[Data records]
*** Block opens ***

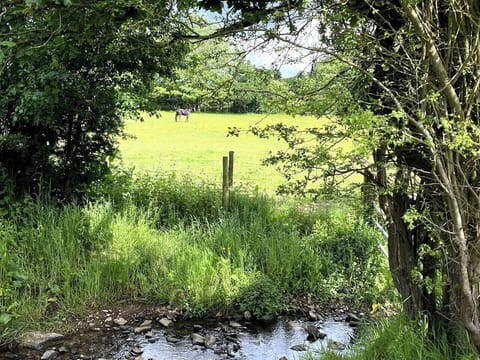 bf9b9cf4-c4f4-4cf8-94db-707f36601807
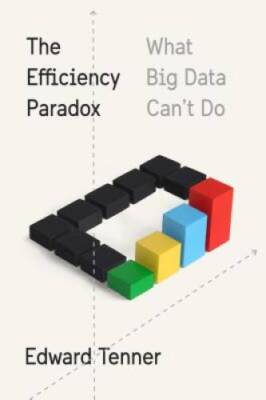 The Efficiency Paradox: What Big Data Can't Do - Hardcover - VERY GOOD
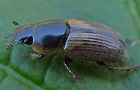 Aphodius prodromus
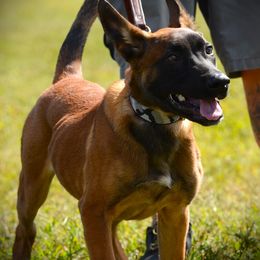 Belgian Malinois and Dutch Shepherd Puppies from Cavalier K9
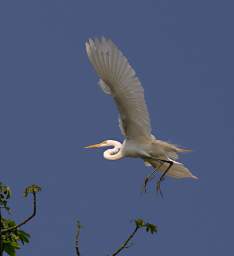 Egret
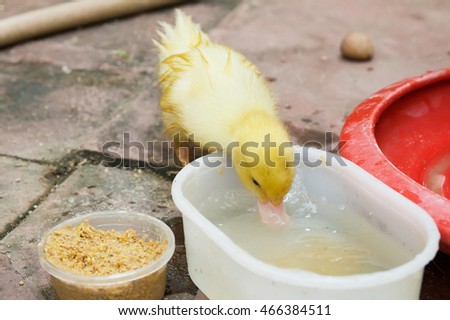 Ducklings eating food.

*** Block closes ***

◆ Aim of the task:
The range to print runs from the line with "Aphodius prodromus" through the last line of the entries, both included; keep it exact and skip the pictures.

◆ Task response:
 Aphodius prodromus
 Belgian Malinois and Dutch Shepherd Puppies from Cavalier K9
 Egret
 Ducklings eating food.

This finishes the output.